# 2.1 Android Cliq videos only show black screen but with sound,help?



## Avascar (Jan 15, 2011)

Long story short: I upgraded to 2.1 with Android Motorola Cliq, it's rooted. But whenever I play one of my downloaded videos (avi), they only show a black screen, but with sound playing. I tried tons of vid players, same thing.

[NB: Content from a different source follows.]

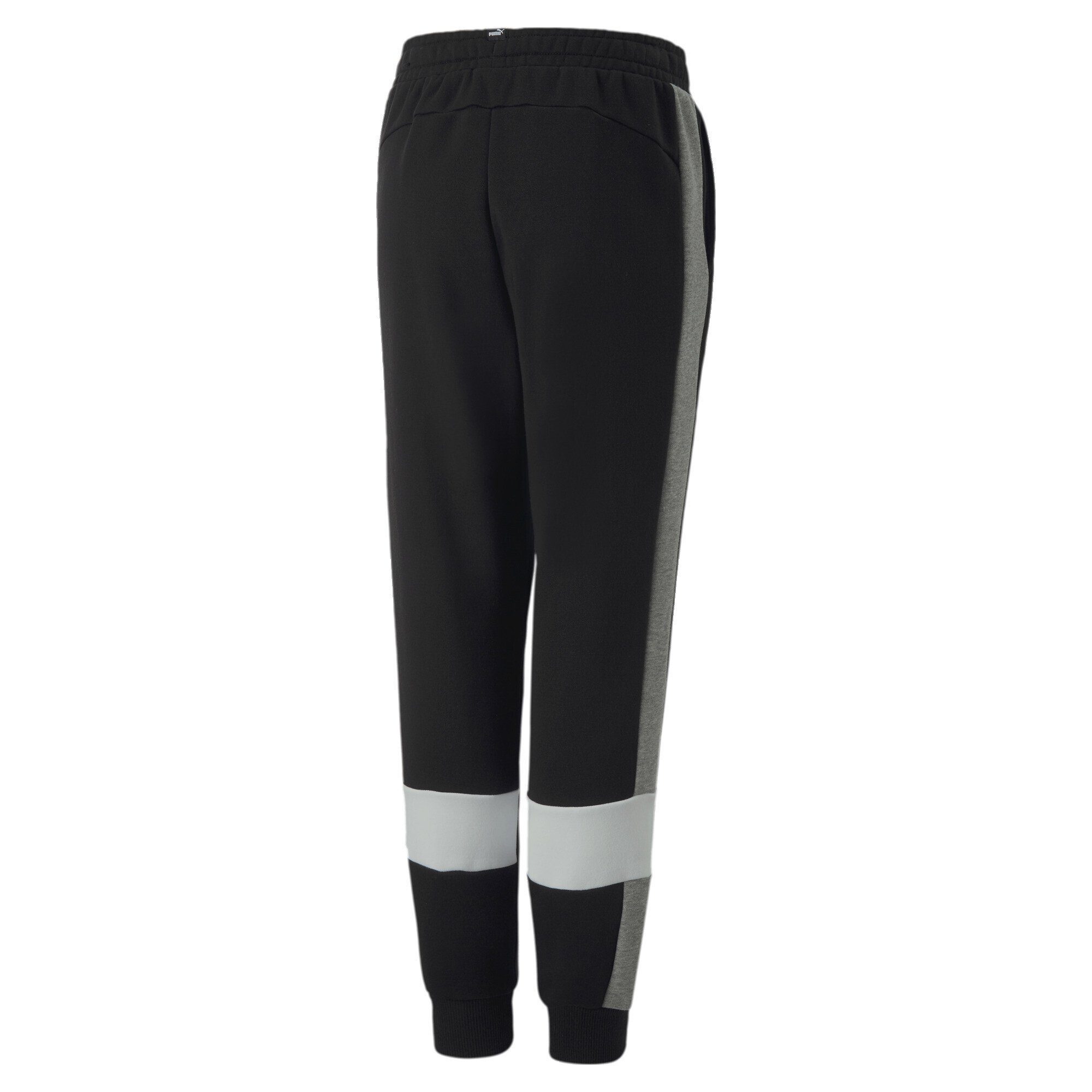 Black Sporthose Colourblock Essentials+ Jugendliche PUMA Jogginghose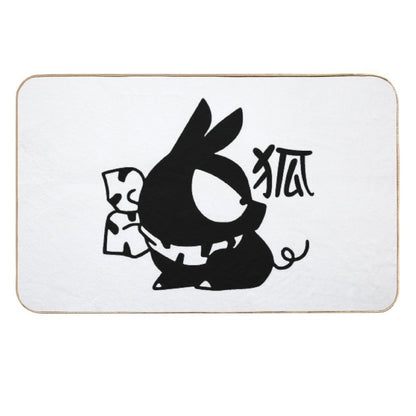 P-chan Pig Kanji Ranma 12  Versatile Bath Mat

The video player plays the video with a black screen and sound. And the problem existed before I even rooted my phone, I thought rooting my phone was gonna fix this.

Any solutions?


----------



## Avascar (Jan 15, 2011)

...

......

bump...


----------



## DonaldG (Aug 23, 2007)

Hi Avascar - it looks like no one can help on this problem...


----------



## ebackhus (Apr 21, 2005)

avi is just a container, what's the codec?


----------



## Avascar (Jan 15, 2011)

Idk. Lol.


----------



## Go The Power (Mar 5, 2007)

Where are the movies being downloaded from? Are they being downloaded to the Android device or your PC?


----------



## Avascar (Jan 15, 2011)

My device. The problem happened when I upgraded to 2.1.

I also downloaded from my PC, and moved it to my device, the problem still exists.

Is there a way to watch movies flawlessly without degrading?


----------



## Camisado (Feb 2, 2011)

I downloaded a free app called arcmedia that allowed me to watch avi vids, but quality wasn't great tho, might be worth a try


----------



## pharoah (Aug 28, 2006)

rockplayer is what i would suggest for watching vids on android.


----------



## Avascar (Jan 15, 2011)

pharoah said:


> rockplayer is what i would suggest for watching vids on android.


Can't seem to find that in the android market. ._.
By the way, I can't play youtube videos either.


----------